Episódios como o casamento real na sexta-feira (29/4) deixam muito clara a brutal diferença entre a imprensa escrita e a televisão. Sem recursos como som, imagens ao vivo e comentaristas acostumados a preencher horas e horas de programação com palavras quase sem sentido, a imprensa escrita tem que ser mais objetiva e narrar os fatos. No máximo consegue colocar artigos que tentam explicar aos leitores o significado desses fatos que transformam os espectadores de TV – especialmente da TV paga – em voyeurs de reality shows.
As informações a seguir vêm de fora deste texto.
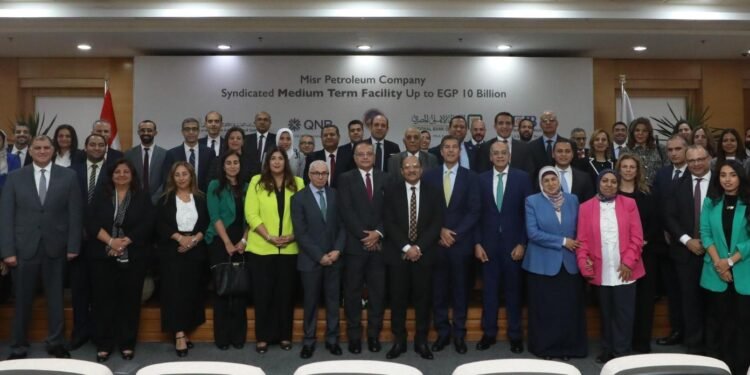 CIB يمنح تمويل مشترك بالتعاون مع البنك الأهلي وسبعة بنوك أخرى لصالح شركة مصر للبترول بـ10 مليارات جنيه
A televisão esquece a notícia e faz o espetáculo, transformando o que deveria ser notícia de uma página com muita foto – no melhor estilo das revistas de celebridades – num acontecimento tão ou mais visto que a cobertura ao vivo de tragédias como os desabamentos no Rio, o tsunami no Japão ou os tornados nos Estados Unidos. E o ibope vai lá pra cima porque, ao que tudo indica, acompanhar ao vivo um “conto de fadas” é melhor do que qualquer notícia com final infeliz.
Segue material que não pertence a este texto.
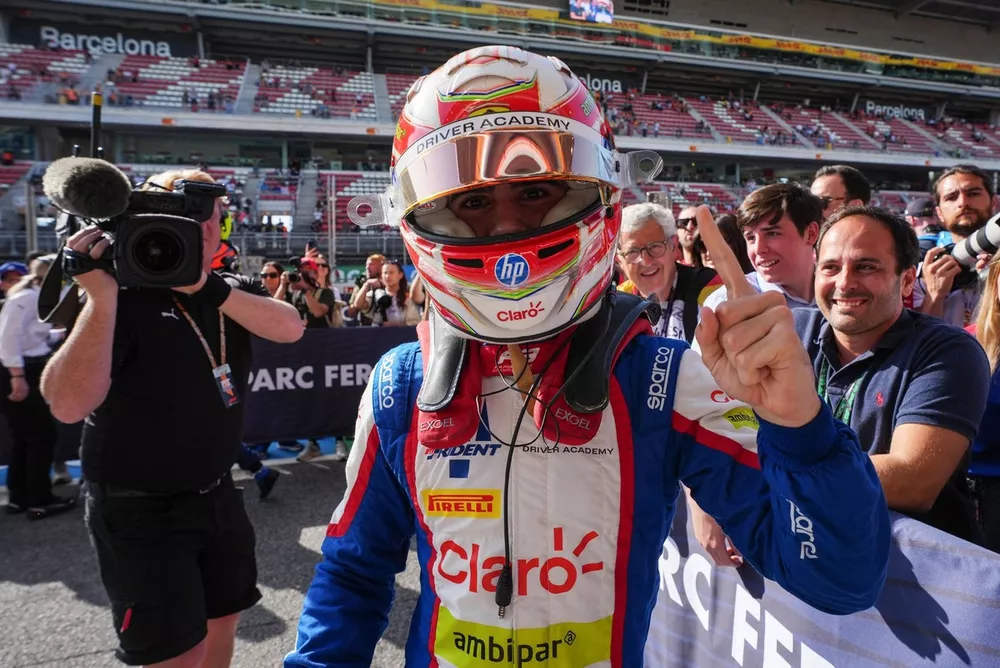 Race winner Rafael Camara, Trident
O canal Globo News (que nunca desliga, nunca descansa etc., etc.) passou a sexta-feira cobrindo o casamento. Primeiro ao vivo e depois com resumos do grande acontecimento. Detalhes do vestido, do beijo na sacada, da carruagem e dos cavalos usados para o cortejo foram repetidos à exaustão. E os telespectadores, coitados, ficam se perguntando que graça vai ter, no dia seguinte, acompanhar a realidade do país com assuntos como a inflação, a mãe que jogou o bebê no lixo, a procuradora que treinou com seu psiquiatra a melhor forma de enganar a polícia.
Tudo vira notícia
Não se pode negar que um casamento com pompa e circunstância é mais fácil de acompanhar. Principalmente porque não tem nada a ver com a realidade dos 190 milhões de brasileiros – a nova pesquisa do IBGE foi o único assunto que ganhou algum destaque no meio do noticiário sobre o celebrado casório. Ficamos sabendo também que 60 mil casais brasileiros são uniões homossexuais assumidas o que, segundo o diretor do IBGE, ajuda a diminuir o preconceito.
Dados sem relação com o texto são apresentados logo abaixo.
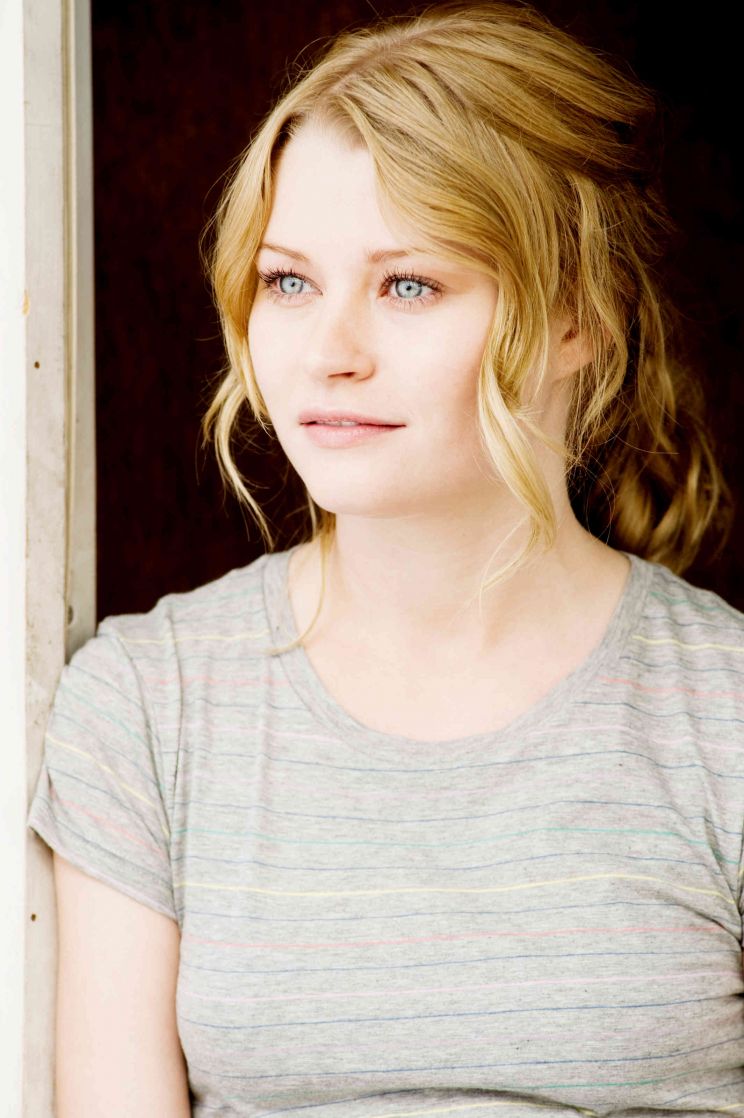 Emilie de Ravin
Passado o grande evento, a TV paga talvez explore a beatificação do papa João Paulo II, o que pode render um bom ibope, pelo menos entre os católicos. Mas, entre as duas anacrônicas instituições – monarquia e igreja católica – a monarquia ganha em apelo televisivo.
Que a imprensa não poderia deixar de noticiar, não há dúvida. A falta de poder – já que quem manda na Inglaterra é o primeiro-ministro – não diminui o interesse pela família real, que virou a realeza das celebridades. O príncipe que conversa com plantas, os estilistas que vestem a realeza, os jovens que decidem – depois de nove anos de convivência – mudar de patamar: tudo rende manchete, tudo vira notícia. A dúvida é por quanto tempo o telespectador – que paga mensalidade para assistir à TV – vai ser massacrado com especiais sobre o casamento real.
Mais vítima que vilão
Como escreveu o colunista Daniel Piza, …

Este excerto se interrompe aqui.